# Minolta MC 50/1.4 converted to Leica Mount



## BrianV (Feb 25, 2013)

Minolta made great M-Mount lenses. Minolta made great 50/1.4 lenses. Why didn't Minolta make a 50mm F1.4 in Leica M-Mount! The 1976 Pop Photo test of 32 normal lenses put the Minolta 50/1.4 second to the Summilux for lenses in it's class. The wide-open center-performance of the Minolta was better than all of the F1.4 lenses from other SLR manufacturers. Wide-Open Edge-performance, that's for Bokeh anyway. By F4 it all evens out.

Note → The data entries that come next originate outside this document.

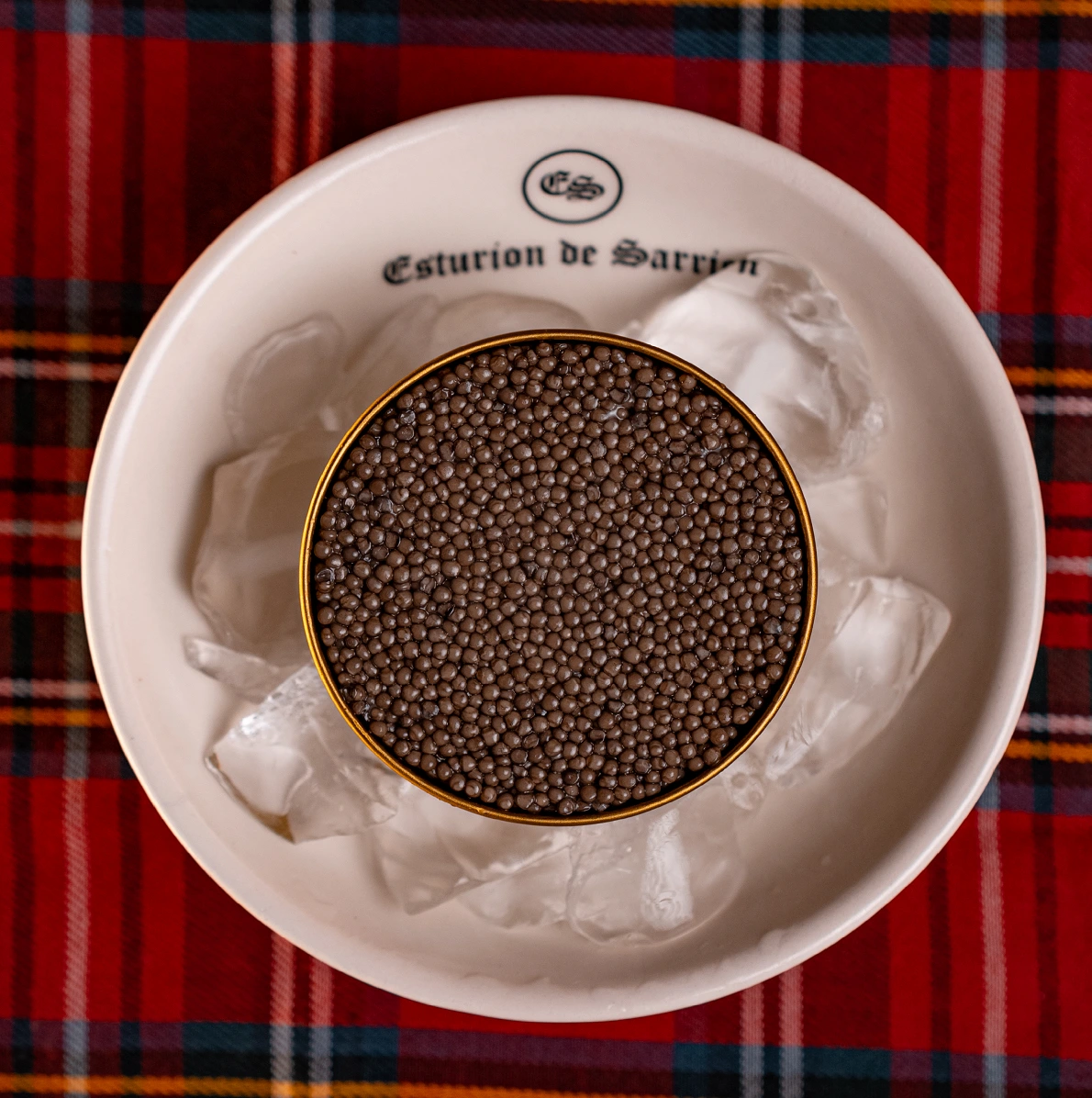 Royal Gourmet Set 100g — Beluga, Osetra, Baerii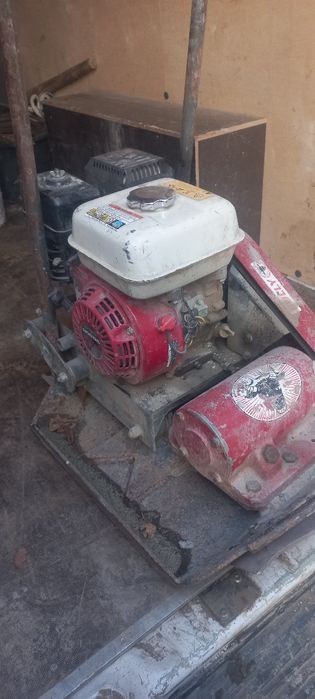 Zagęszczarka Gx 160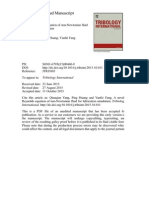 A-novel-Reynolds-equation-of-non-Newtonian-fluid-for-lubrication-simulation_2015_Tribology-International.pdf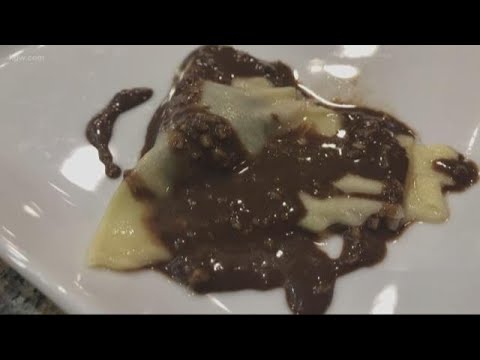 Cucinare Tv Ravioli De Ricota Yema De Huevo Y Salmon Ahumado Youtube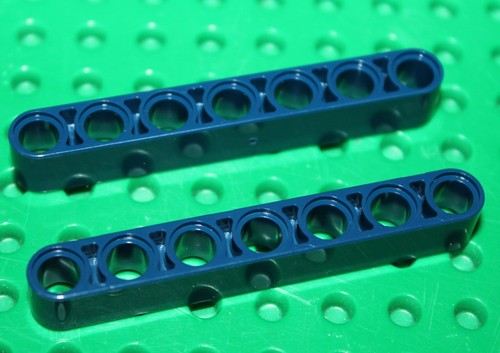 Lego technic dark blue - lego,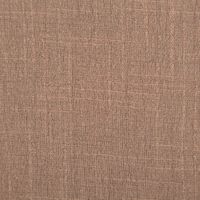 Baumwollstoff Cotton Slub Washed Taupe-Braun – Weich, luftig & perfekt für sommerliche Kleidung Nahaufnahme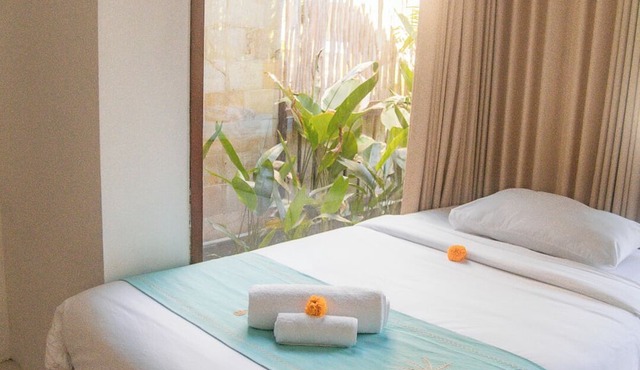 Villa Tahid in Gili Air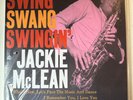 MUSIC MATTERS JAZZ Review Copy #26 JACKIE MCLEAN Swing Swang Swingin’ SEALED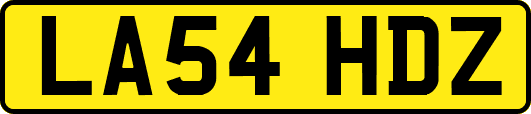LA54HDZ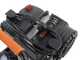 Black &amp; Decker BD 227/50V NK - Compresor de aire el&eacute;ctrico monof&aacute;sico, sin aceite - Motor 2 HP - 50 L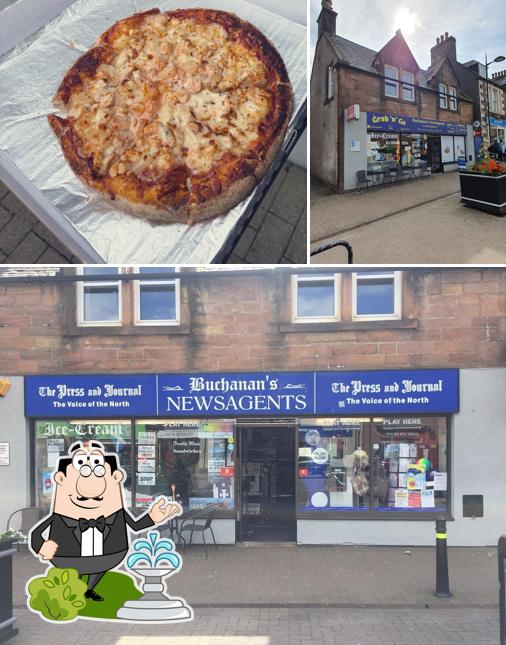 Buchanan's Newsagents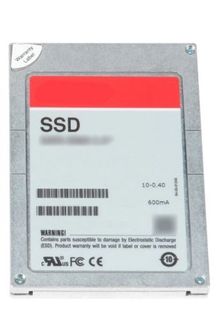 Накопитель SSD Dell 400-AMJD. 400GB SAS 12Gbps 2.5in Hot-plug Drive - kit for G12/G13 servers and Dell PV MD(400-24910 / 400-24211) R630/R730/R730XD/T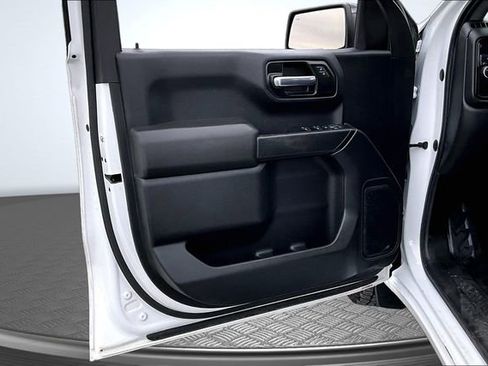 Used 2021 Chevrolet Silverado 1500 W/T w/ WT Value Package image 20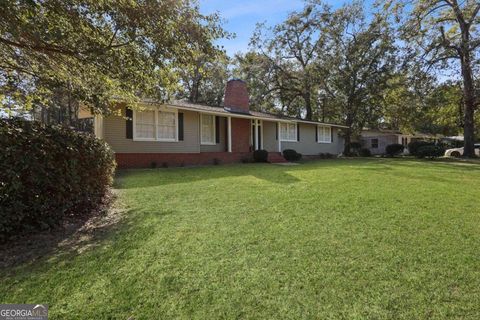 A home in Jesup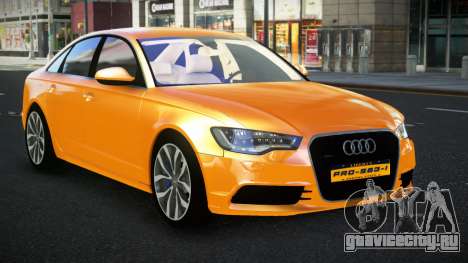 Audi A6 Lirobo для GTA 4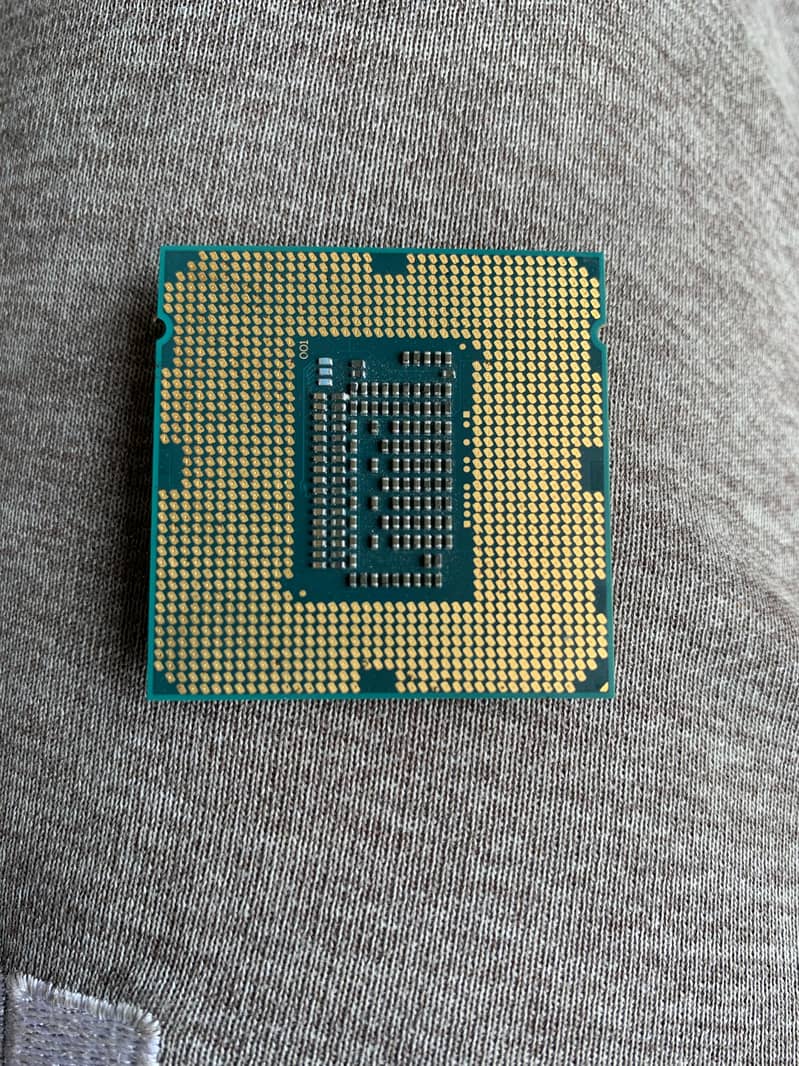 Processer core i5 3rd generation  with heat seeng 1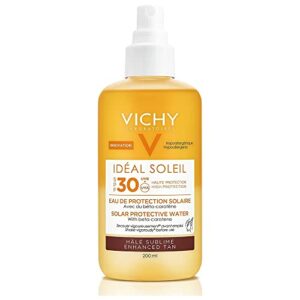 Vichy Capital Soleil Enhanced Tan Solar Protective Water SPF30 200ml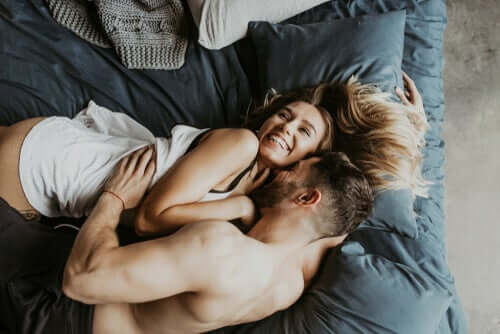 Un couple sachant comment maintenir la passion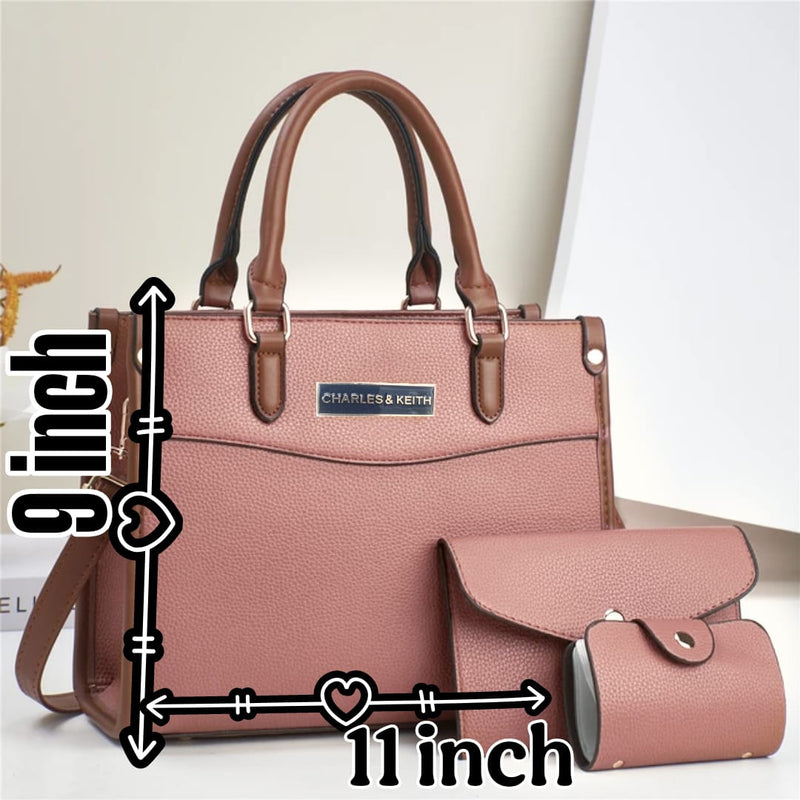 🎀3pc C.K High Quality  Bags🎀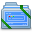 Blue Themes WIP Icon 32x32 png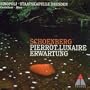 Schoenberg - Pierrot lunaire � Erwartung / Castellini � Marc � Sinopoli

The RF cam is made from the aluminum leg of an old tripod, fit perfectly over the rear retaining ring of the back of the lens. Epoxy and copper tape used to attach the Cam. The insert of the tube is a split ring, and it acts to thicken the Cam for the cam follower to pick up, and acts as a light baffle for reflections from the inside of the tube. Foto-Diox makes a series of uncoupled adapters to mount SLR lenses for M-Mount cameras. Scale focus or "Liveview" with the new M model 240 work. So does polishing down a leg from a broken tripod.


----------



## BrianV (Feb 25, 2013)

First test, at 0.7m.











The second attempt at polishing down a cam worked- I overshot the first one. Best to leave the cam on the long side when cutting it, use the difference in flange distance of the SLR lens from 27.8mm as a start. Then polish down slowly. This one is pretty close.


----------



## BrianV (Feb 25, 2013)

Wide-Open shots, with 100% crops.





I believe the old Pop Photo tests regarding center sharpness for this lens was correct.


----------



## BrianV (Feb 25, 2013)

The lens has an aperture on it, and it does work.

This is at F4.









The Summilux performed better than the Minolta on the Pop Photo tests. The pre-aspheric Summilux from that test runs about $1600 used these days. This lens was $40 at a camera show, and the adapter was another $40. 2 hours required for the conversion, digital calipers, pipe cutter, file, sand paper and some patience required. Hardware Skill: I write software for a living...


----------